== Work to complete ==
Print the entries exactly as they appear, and omit any images.

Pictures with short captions
============
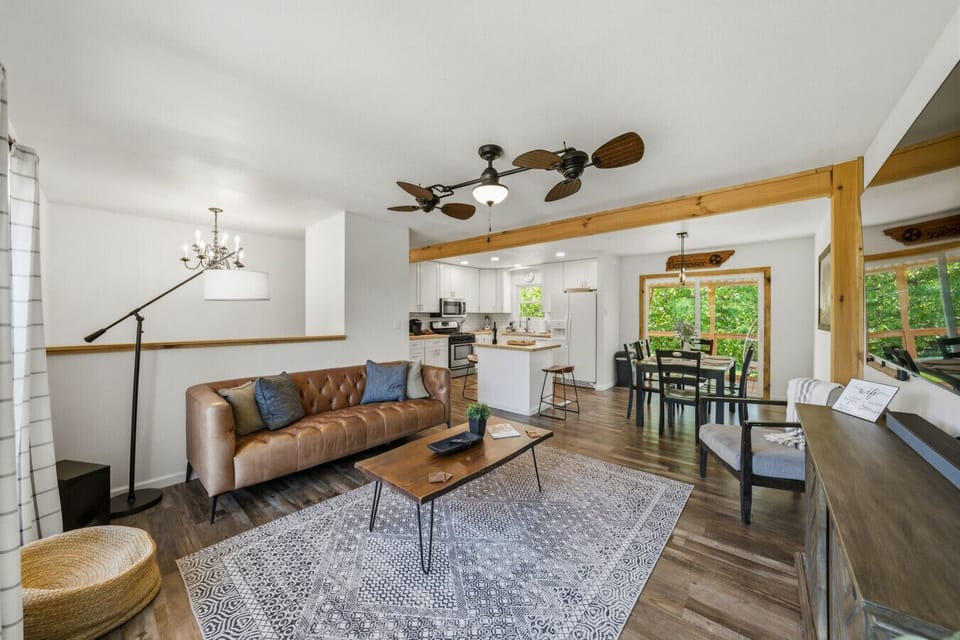 Bright Living Space | Sunlit Windows & Leather Sofa | Relaxed Everyday Comfort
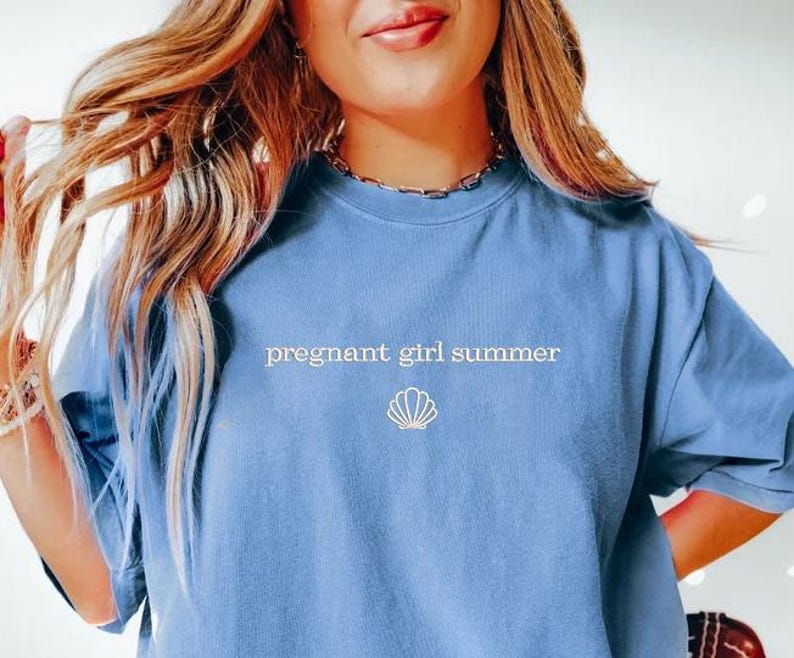 a woman in a blue shirt is posing for a picture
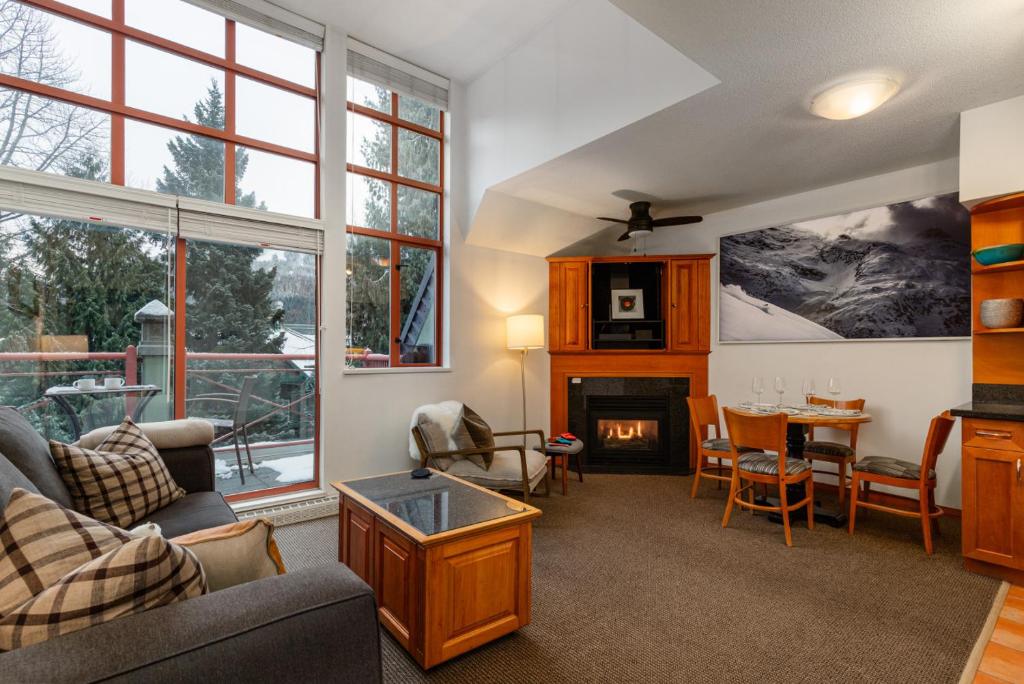 a living room with a couch and a fireplace at Village Penthouse w Views Pool and Hot Tub in Whistler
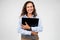 Smiling pretty european young lady professional teacher hugs laptop with empty space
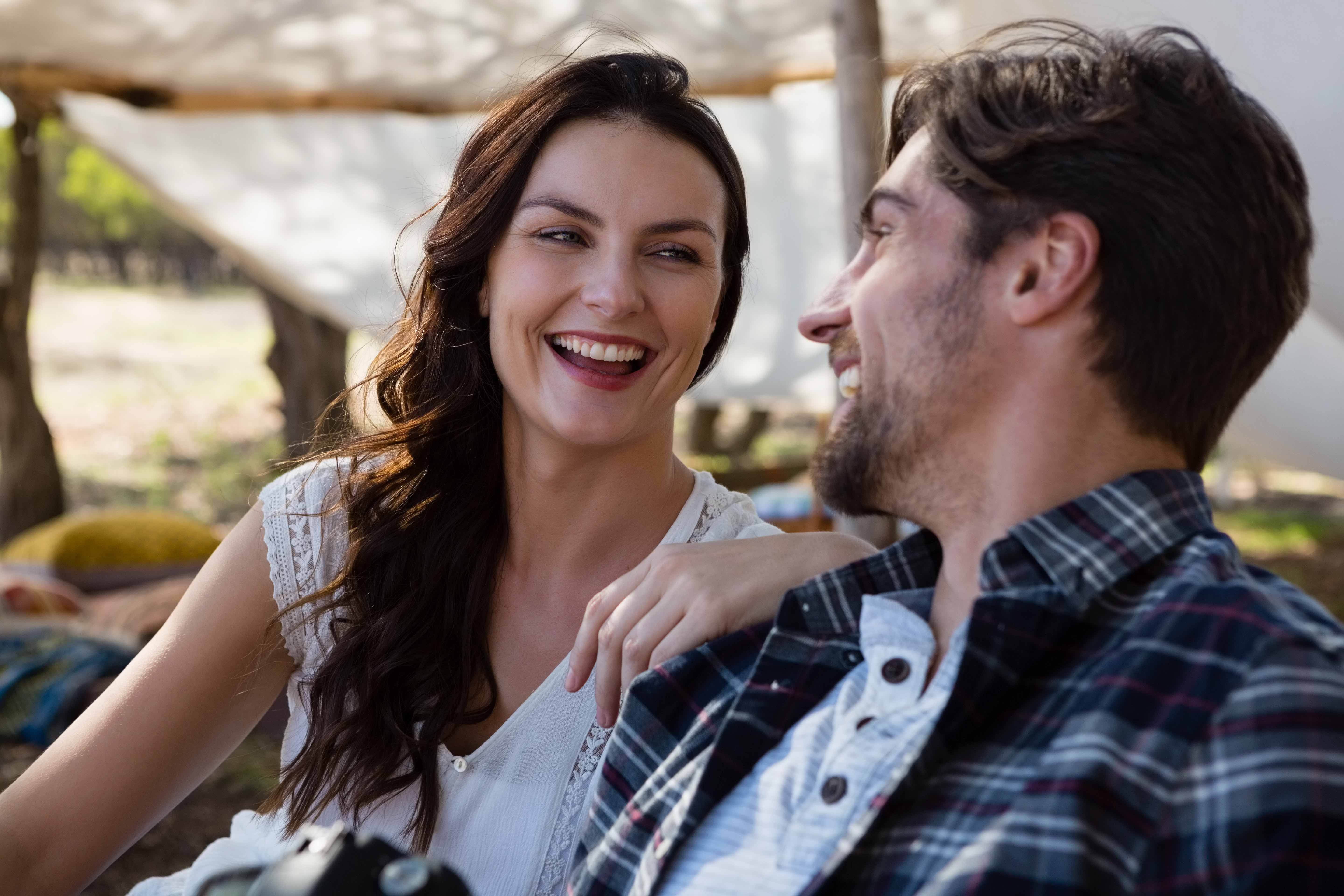 cheerful-couple-outside-tent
============
== Written reply ==
 Bright Living Space | Sunlit Windows & Leather Sofa | Relaxed Everyday Comfort
 a woman in a blue shirt is posing for a picture
 a living room with a couch and a fireplace at Village Penthouse w Views Pool and Hot Tub in Whistler
 Smiling pretty european young lady professional teacher hugs laptop with empty space
 cheerful-couple-outside-tent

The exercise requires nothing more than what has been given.